Preprocessing and Postprocessing examples

Some recipes for preprocessing edi files.
Plugin 'demo_preprocessing' at the bots sourceforge site demonstrates preprocessing.

Example 1: Discard input files that are too small

import os
import bots.preprocess as preprocess
from bots.botsconfig import *

def postincommunication(routedict,*args,**kwargs):
    ''' function is called after the communication in the route.'''
    preprocess.preprocess(routedict=routedict,function=discard_file)

def discard_file(ta_from,endstatus,*args,**kwargs):
    ''' discard files that are to small (zero files)''' 
    ta_from.synall()
    filesize = ta_from.filesize
    if filesize < 100:    #filesize in bytes
        ta_from.update(statust=DONE)                       #statust=DONE: bots discards file, gives no errors.
    else:
        ta_to = ta_from.copyta(status=endstatus)           #make new transaction for bots database
        ta_to.update(statust=OK,filename=ta_from.filename) #update outmessage transaction (same) filename

Example 2: Extract data from PDF file (to csv)

# Extract data from PDF file (to csv)
# x_group: group text closer than this as one field (default 10)
# y_group: group lines closer than this as one line (default 5)
# password: if required

import bots.preprocess as preprocess

def postincommunication(routedict,*args,**kwargs):
    preprocess.preprocess(routedict,preprocess.extractpdf,x_group=12,y_group=3,password='secret')

Example 3: Manipulate records without BOTSID

import bots.preprocess as preprocess
import bots.botslib as botslib
import bots.botsglobal as botsglobal
from bots.botsconfig import *

def postincommunication(routedict,*args,**kwargs):
    preprocess.preprocess(routedict,custom_preprocess)

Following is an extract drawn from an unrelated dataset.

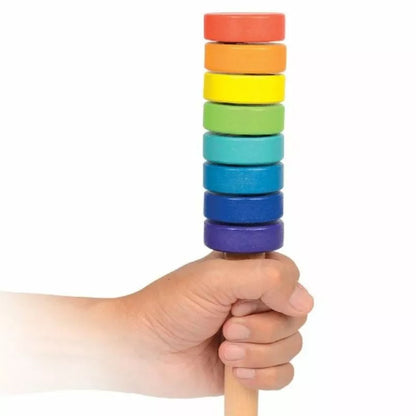 a hand holding a stack of SmartGames TrueBalance Compact (8 discs) wooden blocks.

def custom_preprocess(ta_from,endstatus,*args,**kwargs):
    try:
        # copy ta for preprocessing
        ta_to = ta_from.copyta(status=endstatus)

        # open the files
        infile = botslib.opendata(ta_from.filename,'r')
        tofile = botslib.opendata(str(ta_to.idta),'wb')

        # preprocessing: read infile, write tofile
        # This file has headers and lines, but no field that can be used for BOTSID!
        # Determine the line type from the data, and add HDR or LIN in first column
        # Text heading lines and blank lines are omitted
        for line in infile:
            if '\tAU' in line: 
                tofile.write('HDR\t' + line)
            elif ('\tWAIT' in line or
                  '\tFULL' in line or
                  '\tEMPTY' in line):
                tofile.write('LIN\t' + line)

        infile.close()
        tofile.close()

        ta_to.update(statust=OK,filename=str(ta_to.idta)) #update outmessage transaction with ta_info; 
    except:
        txt=botslib.txtexc()
        botsglobal.logger.error(u'Custom preprocess failed. Error:\n%s',txt)
        raise botslib.InMessageError(u'Custom preprocess failed. Error:\n$error',error=txt)

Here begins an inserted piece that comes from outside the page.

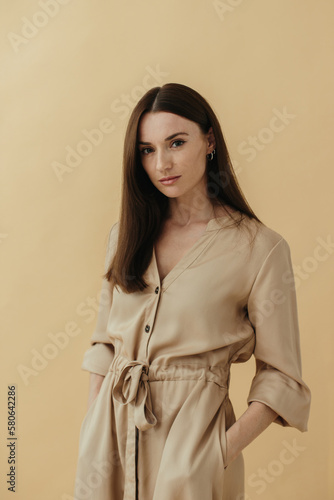 Portrait of a beautiful elegant brunette in a long dress on a beige background.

Example 4: Sort input file

import bots.preprocess as preprocess
import bots.botslib as botslib
import bots.botsglobal as botsglobal
from bots.botsconfig import *

def postincommunication(routedict,*args,**kwargs):
    preprocess.preprocess(routedict,sort_file)

def sort_file(ta_from,endstatus,*args,**kwargs):
    try:
        # copy ta for preprocessing
        ta_to = ta_from.copyta(status=endstatus)

        # open the files
        infile = botslib.opendata(ta_from.filename,'r')
        tofile = botslib.opendata(str(ta_to.idta),'wb')

        # sort output
        lines = infile.readlines()
        lines.sort()
        for line in lines:
            tofile.write(line)

        infile.close()
        tofile.close()

        ta_to.update(statust=OK,filename=str(ta_to.idta)) #update outmessage transaction with ta_info; 
    except:
        txt=botslib.txtexc()
        botsglobal.logger.error(u'Sort preprocess failed. Error:\n%s',txt)
        raise botslib.InMessageError(u'Sort preprocess failed. Error:\n$error',error=txt)

Example 5: Postprocessing

Post processing works the same way as pre processing, except it is done before out communication.

import bots.preprocess as preprocess
import bots.botslib as botslib
import bots.botsglobal as botsglobal
from bots.botsconfig import *

def preoutcommunication(routedict,*args,**kwargs):
    preprocess.postprocess(routedict,split_lines)

def split_lines(ta_from,endstatus,,*args,**kwargs):
    try:
        # copy ta for postprocessing, open the files
        ta_to = ta_from.copyta(status=endstatus)
        infile = botslib.opendata(ta_from.filename,'r')
        tofile = botslib.opendata(str(ta_to.idta),'wb')

        # split every line at the first separator (space)
        # output the two parts on separate lines
        for line in infile:
            part = line.partition(' ')
            tofile.write(part[0] + '\n' + part[2])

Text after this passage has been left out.